• [Assigned task]:
From the line that contains "Guía del líder Sanando del abuso" to the end of the entries, copy each line exactly, though the pictures stay out.

Short descriptive text snippets:
________________________

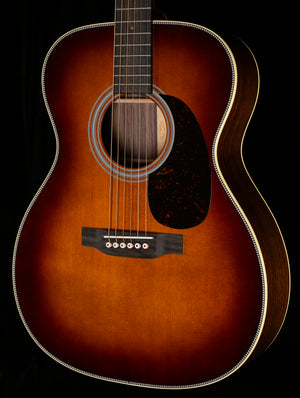 Martin 000-28 Ambertone (662)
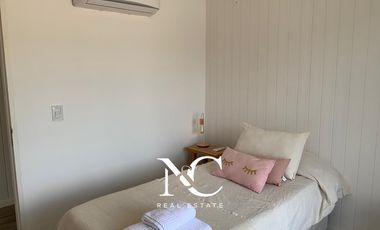 Casa en venta Costa Esmeralda con fondo libre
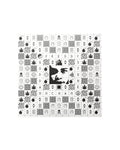 Freddy Stone & god.damn.chan - GO ASK ALICE EP - DIGITAL DOWNLOAD (wavs)
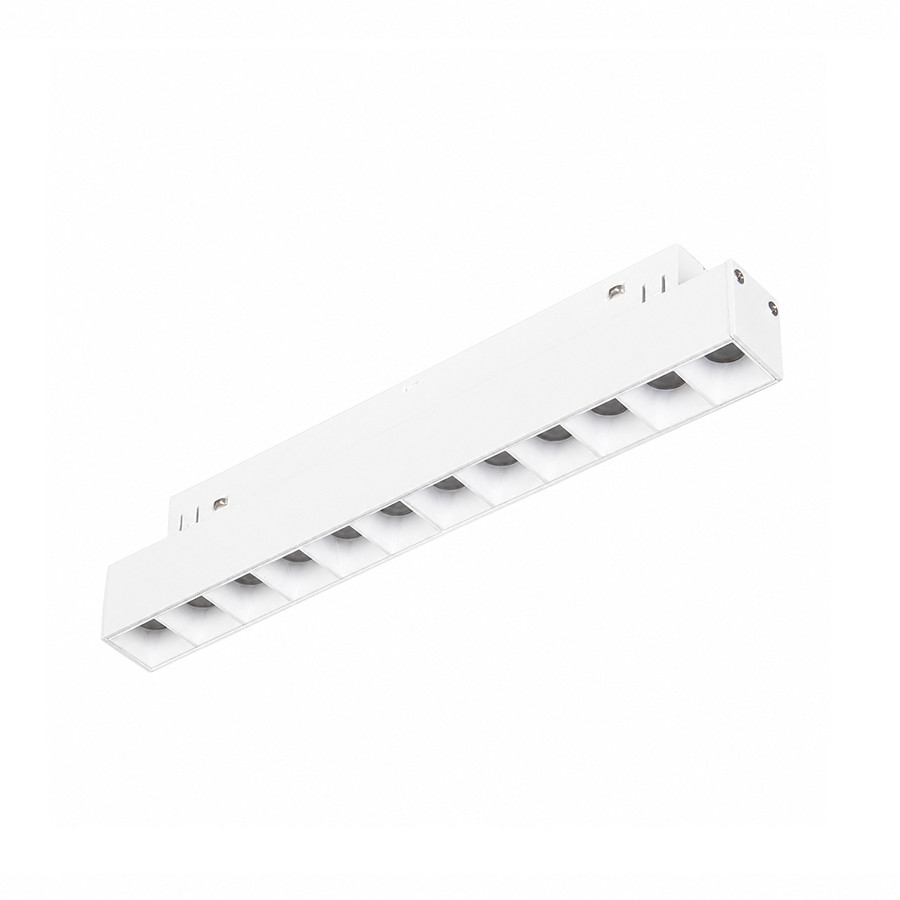 Magnetic - Reflektor za sine Baret ML-226-12W 4000K bijeli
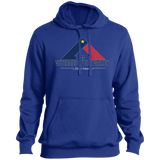 Veterans of the Valley Pullover Hoodie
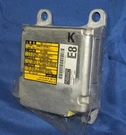 2004-2006 Toyota Prius Main Srs Restraint Control Module Bcm Ecu Oem W/warranty. Fixed Price $29.95.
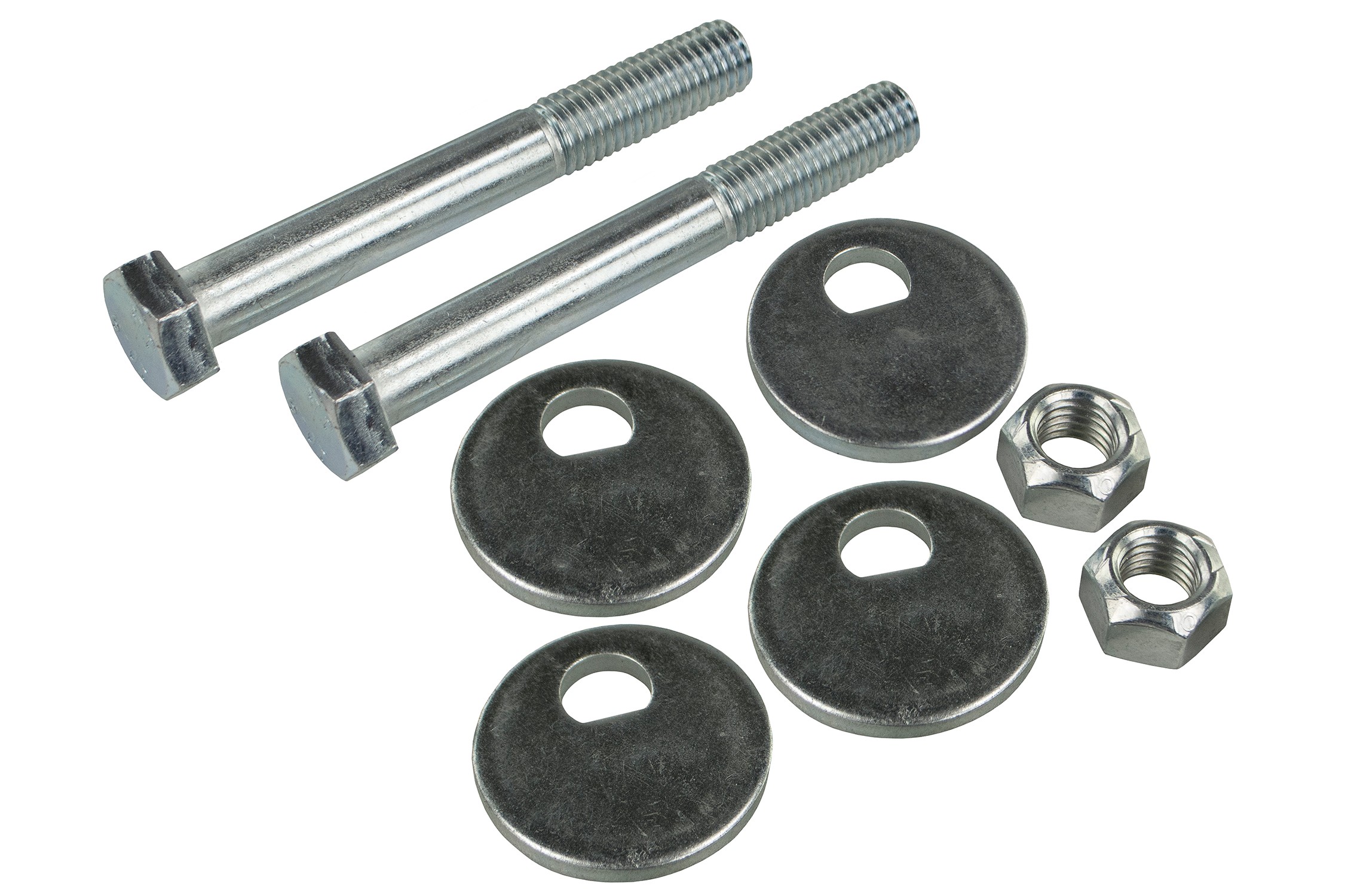 MEVOTECH Alignment Caster / Camber Cam Bolt Kit MS250174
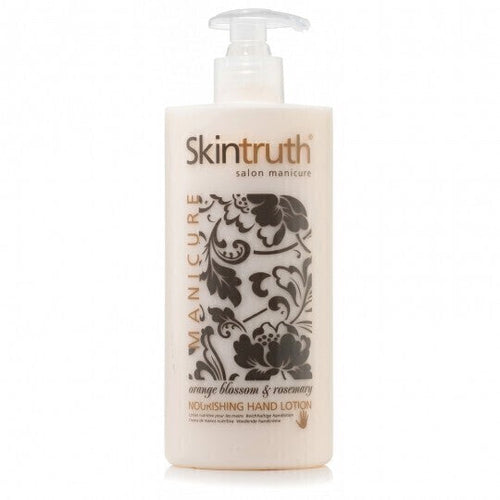 NOURISHING HAND LOTION 500ml_0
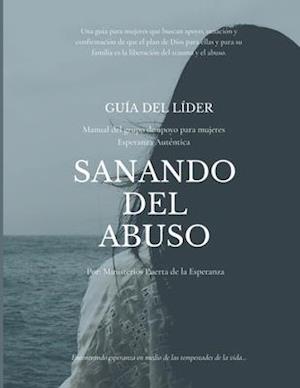 Guía del líder Sanando del abuso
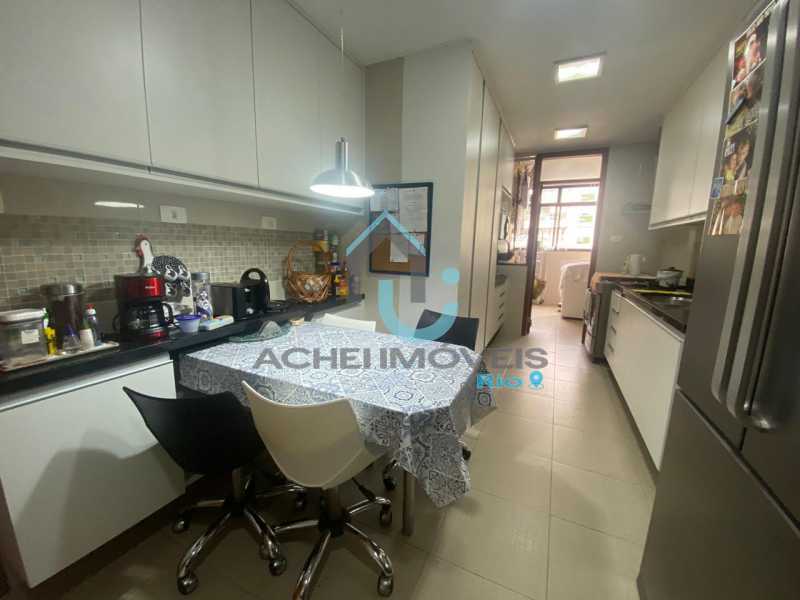 Conheça e73ed03f-b7a5-482e-8646-51afb9 do imóvel - Apartamento à venda Rua Marquês de Pinedo, Laranjeiras, Rio de Janeiro - R$ 2.600.000 - AIAP40064 - 9 e73ed03f-b7a5-482e-8646-51afb9 - 9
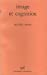 Image et cognition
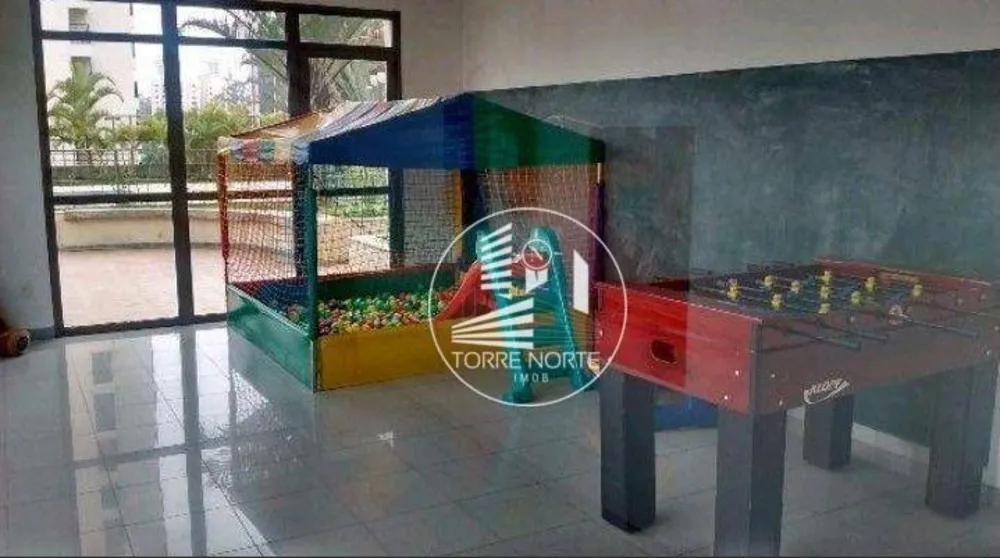 Apartamento, 1 quarto, 43 m² - Foto 4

________________________

• [Solution for this problem]:
 Guía del líder Sanando del abuso
 Conheça e73ed03f-b7a5-482e-8646-51afb9 do imóvel - Apartamento à venda Rua Marquês de Pinedo, Laranjeiras, Rio de Janeiro - R$ 2.600.000 - AIAP40064 - 9 e73ed03f-b7a5-482e-8646-51afb9 - 9
 Image et cognition
 Apartamento, 1 quarto, 43 m² - Foto 4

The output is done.